Trayvon Martin’s Death


A troubling month-old incident in Florida is only now gaining national attention.

On February 26th, a 17-year-old African-American boy named Trayvon Martin was shot in the Sanford, Florida gated community where his father lived. He was returning to his father’s house from a nearby convenience store, where he bought a pack of Skittles for his little brother and a can of Arizona Iced Tea. Upon his return, the volunteer neighborhood watch captain, George Zimmerman, saw Martin and thought he looked suspicious.

Zimmerman, who has a history of calling 911 to report suspicious persons (usually black) in his neighborhood, claimed that Trayvon looked like he was “up to no good” or was “on drugs or something,” and that “these a–holes, they always get away.”
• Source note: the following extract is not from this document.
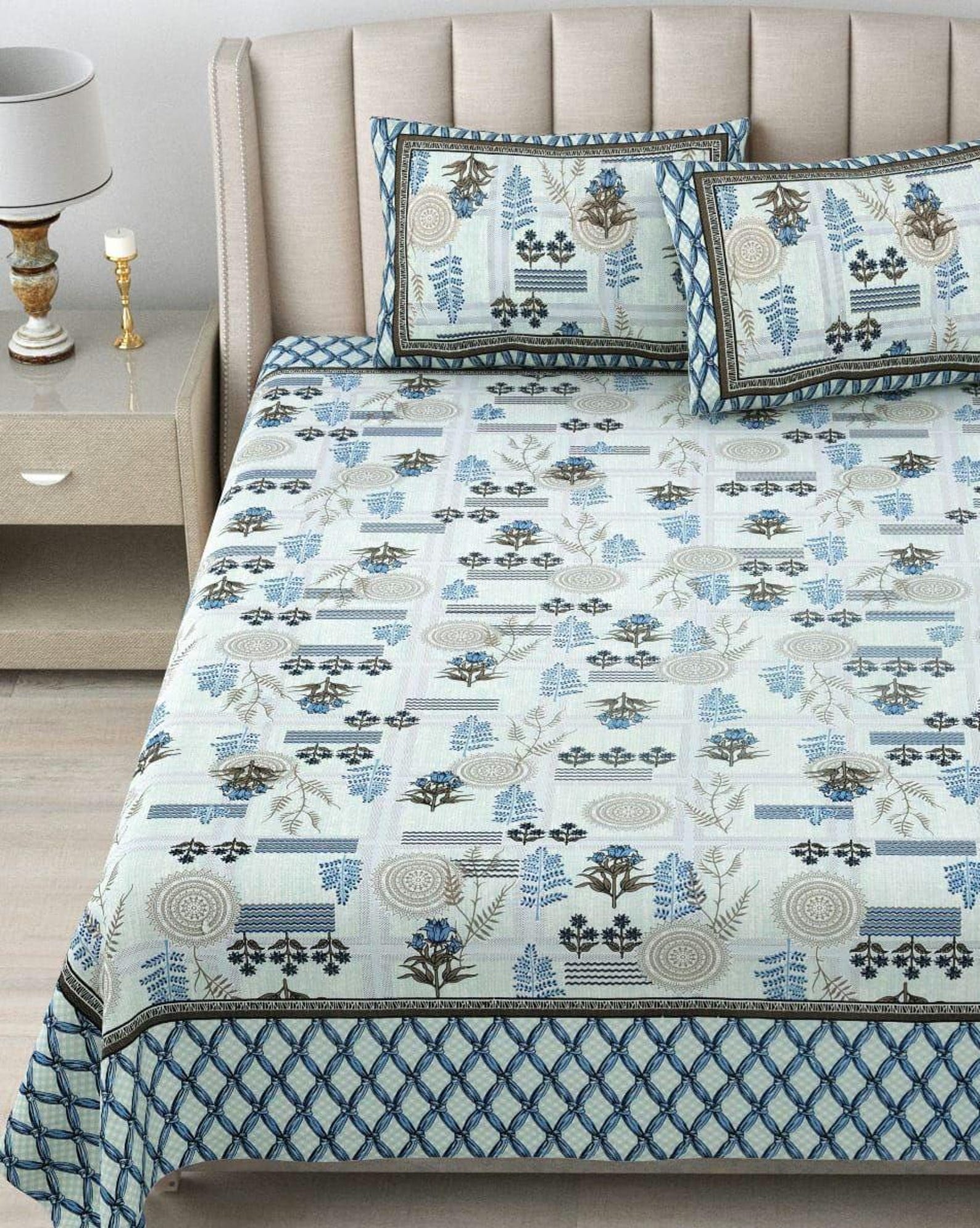 Bed Spread Cotton Feel Beautiful Design Bedsheet King Size Bedcover ...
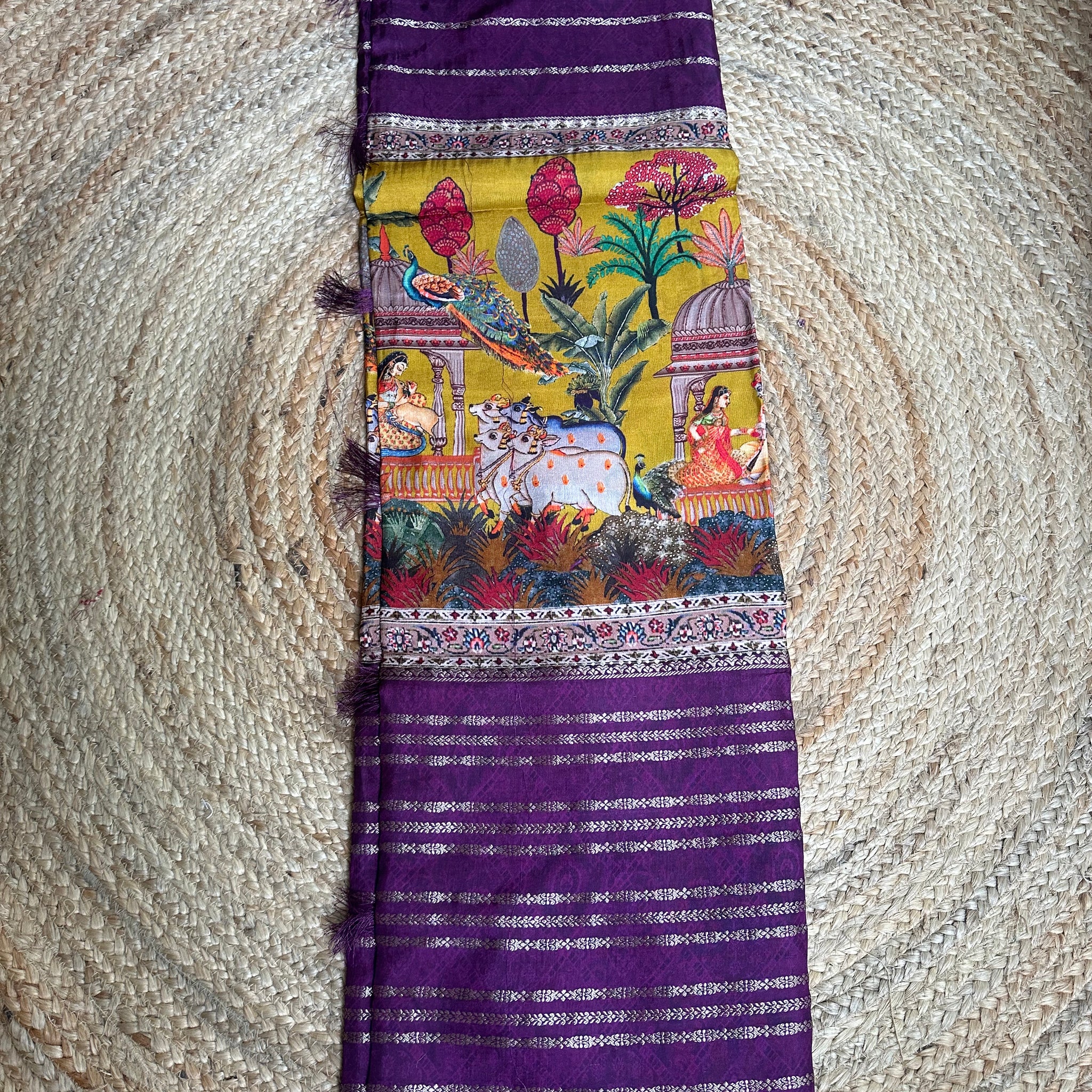 Wine with mustard central digital kalamkari sarees.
When the dispatcher asked if he was following the suspicious person, Zimmerman said yes. The dispatcher explained that “we don’t need you to do that,” but Zimmerman followed him anyway. Trayvon noticed the follower and began to walk faster, but Zimmerman still pursued. A physical confrontation ended with Zimmerman fatally shooting the unarmed boy in the chest. The police did not conduct a full investigation and accepted Zimmerman’s claim of self-defense under Florida’s “stand your ground” law, which permits lethal force in self-defense on the basis of perceived danger, even absent any attempt to retreat.

The self-defense claim is absurd in this instance. At the moment Zimmerman armed himself to actively pursue Martin, he forfeited any legitimate self-defense argument. Even former Florida Senator Durell Peaden, one of the co-authors of the “stand your ground” law, agrees that Zimmerman’s actions are not protected under the law.

The racial component is hard to ignore. Both Trayvon’s death and the lack of investigation afterward seem indicative of racial profiling, discrimination and prejudice. The police force has been accused of trying to protect Zimmerman: in violation of homicide investigation procedure, no drug or alcohol tests were conducted, and reports allege Zimmerman sounded intoxicated on the 911 call. As Phillip DeFranco put it on YouTube: “I think if you change the story to ‘he killed a white kid’ or, God forbid, a white blonde girl, it [would be] reported everywhere. This guy [would] die in jail. But a 17-year-old unarmed black kid? [Instead, it’s] ‘Yeah, you were probably defending yourself.'”

The national outrage over Martin’s death sparked an online petition, the “I am Trayvon Martin” movement and federal inquiries led by the FBI and U.S. Department of Justice.

The Huffington PostNPR, and The New York Times have additional coverage of the reaction to Martin’s death.

The 911 tapes from the incident have also been released. You can listen and hear for yourself how Zimmerman’s claims that he was acting in self defense are dubious at best. As a warning, though, some of the audio on the tapes is very graphic.

2 comments on “Trayvon Martin’s Death”

  1. Although the last name “Zimmerman” sounds like a prototypical caucasian name, a minimal amount of research will show that George Zimmerman was actual a hispanic male with numerous African American family members and friends.
    Although there is no denying that this crime is a terrible tragedy, we should be cautious before labeling it as a racial issue. Just because the victim was African American does not mean this is automatically a case of Racial issues, despite the transparent agendas of the liberal media.

    1. Why is this not a racial issue just because Zimmerman isn’t actually as white as his name implies? Looks aside, what Zimmerman said on the 911 call sounded pretty racist to me. Also, the local police’s reaction, including taking his self-defense claims at face value and “correcting” a witness who described the cries she heard as coming from a boy rather than a grown man, merit scrutiny as well.